ASSIGNMENT> Of the lines in the data below, write out exactly those from the one holding "Allen Edmonds Newport" through the one holding "Food and drinks in Naxian Air", both included.

TASK MATERIAL>
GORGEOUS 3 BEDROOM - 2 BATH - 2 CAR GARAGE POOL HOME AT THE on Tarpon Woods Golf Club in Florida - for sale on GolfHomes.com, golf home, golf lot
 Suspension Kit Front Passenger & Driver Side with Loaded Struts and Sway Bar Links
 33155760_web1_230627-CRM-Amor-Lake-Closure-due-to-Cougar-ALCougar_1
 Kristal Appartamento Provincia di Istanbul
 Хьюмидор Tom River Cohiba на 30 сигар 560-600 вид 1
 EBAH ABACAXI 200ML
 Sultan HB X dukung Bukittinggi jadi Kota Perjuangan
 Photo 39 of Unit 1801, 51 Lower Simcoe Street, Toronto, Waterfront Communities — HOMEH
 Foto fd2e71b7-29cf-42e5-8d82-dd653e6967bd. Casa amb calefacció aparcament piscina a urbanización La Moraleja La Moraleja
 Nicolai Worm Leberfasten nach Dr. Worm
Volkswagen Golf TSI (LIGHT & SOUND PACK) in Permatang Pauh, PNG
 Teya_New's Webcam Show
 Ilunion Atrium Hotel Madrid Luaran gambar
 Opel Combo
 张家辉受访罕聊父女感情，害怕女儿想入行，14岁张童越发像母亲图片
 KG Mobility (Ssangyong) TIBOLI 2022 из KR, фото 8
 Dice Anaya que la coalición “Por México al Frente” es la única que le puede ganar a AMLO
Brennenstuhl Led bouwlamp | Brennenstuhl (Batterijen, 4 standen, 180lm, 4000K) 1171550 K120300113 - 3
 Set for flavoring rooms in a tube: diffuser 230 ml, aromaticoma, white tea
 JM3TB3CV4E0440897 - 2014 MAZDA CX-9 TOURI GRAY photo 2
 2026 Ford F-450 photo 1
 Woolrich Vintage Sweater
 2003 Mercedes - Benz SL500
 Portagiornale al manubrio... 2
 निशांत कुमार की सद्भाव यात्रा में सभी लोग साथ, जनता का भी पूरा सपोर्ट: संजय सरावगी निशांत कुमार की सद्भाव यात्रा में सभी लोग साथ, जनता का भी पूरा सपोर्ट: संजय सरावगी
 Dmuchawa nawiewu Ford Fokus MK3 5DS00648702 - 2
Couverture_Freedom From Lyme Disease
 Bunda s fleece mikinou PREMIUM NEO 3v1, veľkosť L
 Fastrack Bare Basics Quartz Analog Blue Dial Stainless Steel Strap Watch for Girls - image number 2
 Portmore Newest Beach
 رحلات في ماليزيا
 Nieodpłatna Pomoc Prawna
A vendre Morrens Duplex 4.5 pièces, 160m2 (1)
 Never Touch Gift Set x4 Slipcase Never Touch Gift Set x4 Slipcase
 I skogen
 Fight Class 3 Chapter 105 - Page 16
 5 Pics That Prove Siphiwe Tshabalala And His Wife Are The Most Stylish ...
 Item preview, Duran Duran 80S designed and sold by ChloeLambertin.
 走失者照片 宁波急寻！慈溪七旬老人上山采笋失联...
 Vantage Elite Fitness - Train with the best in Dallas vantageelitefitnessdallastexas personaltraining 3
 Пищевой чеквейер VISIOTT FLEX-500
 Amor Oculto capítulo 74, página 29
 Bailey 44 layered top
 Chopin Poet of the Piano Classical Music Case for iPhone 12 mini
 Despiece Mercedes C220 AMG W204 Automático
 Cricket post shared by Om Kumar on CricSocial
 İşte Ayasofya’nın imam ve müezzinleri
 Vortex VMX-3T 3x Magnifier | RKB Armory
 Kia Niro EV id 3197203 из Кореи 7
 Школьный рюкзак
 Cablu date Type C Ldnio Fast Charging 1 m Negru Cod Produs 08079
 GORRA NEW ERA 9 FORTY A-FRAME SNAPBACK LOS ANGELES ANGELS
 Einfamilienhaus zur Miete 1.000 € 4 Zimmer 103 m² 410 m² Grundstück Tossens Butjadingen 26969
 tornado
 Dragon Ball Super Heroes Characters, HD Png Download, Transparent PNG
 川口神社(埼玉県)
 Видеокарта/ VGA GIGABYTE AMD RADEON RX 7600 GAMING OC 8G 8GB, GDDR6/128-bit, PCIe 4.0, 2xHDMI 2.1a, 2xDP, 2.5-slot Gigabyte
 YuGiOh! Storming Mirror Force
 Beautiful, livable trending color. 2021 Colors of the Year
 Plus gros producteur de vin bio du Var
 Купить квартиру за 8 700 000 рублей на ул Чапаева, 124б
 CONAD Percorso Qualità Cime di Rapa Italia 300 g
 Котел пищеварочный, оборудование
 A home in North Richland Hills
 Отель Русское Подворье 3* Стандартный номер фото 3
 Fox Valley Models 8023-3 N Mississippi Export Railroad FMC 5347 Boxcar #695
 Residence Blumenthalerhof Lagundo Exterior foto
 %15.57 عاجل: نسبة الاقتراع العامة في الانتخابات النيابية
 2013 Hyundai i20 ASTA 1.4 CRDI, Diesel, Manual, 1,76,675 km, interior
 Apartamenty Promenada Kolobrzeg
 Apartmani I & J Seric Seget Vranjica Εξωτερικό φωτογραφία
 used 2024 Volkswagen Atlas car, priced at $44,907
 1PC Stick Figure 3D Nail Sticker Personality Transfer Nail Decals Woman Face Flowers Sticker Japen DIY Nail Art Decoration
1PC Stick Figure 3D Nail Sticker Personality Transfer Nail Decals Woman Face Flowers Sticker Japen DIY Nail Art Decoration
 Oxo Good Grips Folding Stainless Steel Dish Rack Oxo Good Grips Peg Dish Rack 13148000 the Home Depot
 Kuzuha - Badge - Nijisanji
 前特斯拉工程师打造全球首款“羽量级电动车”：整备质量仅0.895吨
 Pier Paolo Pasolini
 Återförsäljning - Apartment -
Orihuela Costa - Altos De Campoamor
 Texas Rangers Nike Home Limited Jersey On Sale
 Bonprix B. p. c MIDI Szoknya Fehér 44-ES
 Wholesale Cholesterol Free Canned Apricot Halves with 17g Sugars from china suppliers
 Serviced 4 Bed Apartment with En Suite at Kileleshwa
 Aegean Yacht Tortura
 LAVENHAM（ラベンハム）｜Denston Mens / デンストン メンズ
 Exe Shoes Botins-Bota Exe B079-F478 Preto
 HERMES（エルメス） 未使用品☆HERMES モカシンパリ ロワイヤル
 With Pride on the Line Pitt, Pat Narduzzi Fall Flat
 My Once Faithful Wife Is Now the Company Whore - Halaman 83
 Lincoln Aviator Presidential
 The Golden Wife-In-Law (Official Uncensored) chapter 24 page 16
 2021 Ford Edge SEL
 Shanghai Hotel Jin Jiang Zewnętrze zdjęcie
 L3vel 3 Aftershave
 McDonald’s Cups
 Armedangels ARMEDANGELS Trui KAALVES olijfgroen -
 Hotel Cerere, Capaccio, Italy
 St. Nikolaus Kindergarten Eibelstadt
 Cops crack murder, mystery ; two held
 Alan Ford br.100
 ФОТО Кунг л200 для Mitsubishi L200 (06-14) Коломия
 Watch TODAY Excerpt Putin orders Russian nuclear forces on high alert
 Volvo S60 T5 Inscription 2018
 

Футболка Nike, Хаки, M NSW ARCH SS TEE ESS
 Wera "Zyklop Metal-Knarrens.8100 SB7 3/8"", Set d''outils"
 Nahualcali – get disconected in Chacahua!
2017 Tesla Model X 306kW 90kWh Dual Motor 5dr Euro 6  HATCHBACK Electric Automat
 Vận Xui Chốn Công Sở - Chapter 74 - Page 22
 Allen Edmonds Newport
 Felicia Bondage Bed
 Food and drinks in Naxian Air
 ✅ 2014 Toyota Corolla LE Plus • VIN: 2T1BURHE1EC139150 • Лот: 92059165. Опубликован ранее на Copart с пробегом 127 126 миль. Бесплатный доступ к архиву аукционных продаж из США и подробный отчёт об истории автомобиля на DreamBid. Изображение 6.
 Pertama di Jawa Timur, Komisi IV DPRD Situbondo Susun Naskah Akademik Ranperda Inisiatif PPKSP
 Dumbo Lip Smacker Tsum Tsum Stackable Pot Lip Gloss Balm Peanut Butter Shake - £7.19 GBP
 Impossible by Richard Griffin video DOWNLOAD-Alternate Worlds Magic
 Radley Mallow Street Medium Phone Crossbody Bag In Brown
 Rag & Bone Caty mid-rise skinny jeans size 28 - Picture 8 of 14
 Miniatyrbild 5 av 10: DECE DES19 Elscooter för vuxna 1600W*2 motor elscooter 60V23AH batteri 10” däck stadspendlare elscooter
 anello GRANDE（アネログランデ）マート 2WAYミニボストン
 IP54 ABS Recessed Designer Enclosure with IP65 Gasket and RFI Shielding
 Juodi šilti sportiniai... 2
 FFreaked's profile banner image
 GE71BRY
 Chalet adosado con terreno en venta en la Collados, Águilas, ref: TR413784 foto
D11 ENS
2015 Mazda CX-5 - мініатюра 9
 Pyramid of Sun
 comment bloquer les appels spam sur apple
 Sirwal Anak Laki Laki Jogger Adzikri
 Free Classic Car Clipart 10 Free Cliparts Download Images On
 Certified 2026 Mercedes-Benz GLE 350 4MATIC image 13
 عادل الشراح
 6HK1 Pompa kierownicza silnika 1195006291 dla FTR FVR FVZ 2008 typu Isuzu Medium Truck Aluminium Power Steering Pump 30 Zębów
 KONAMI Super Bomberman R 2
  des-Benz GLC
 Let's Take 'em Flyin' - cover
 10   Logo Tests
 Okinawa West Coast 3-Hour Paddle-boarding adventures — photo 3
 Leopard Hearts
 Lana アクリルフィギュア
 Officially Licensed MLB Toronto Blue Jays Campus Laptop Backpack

RESPONSE>
 Allen Edmonds Newport
 Felicia Bondage Bed
 Food and drinks in Naxian Air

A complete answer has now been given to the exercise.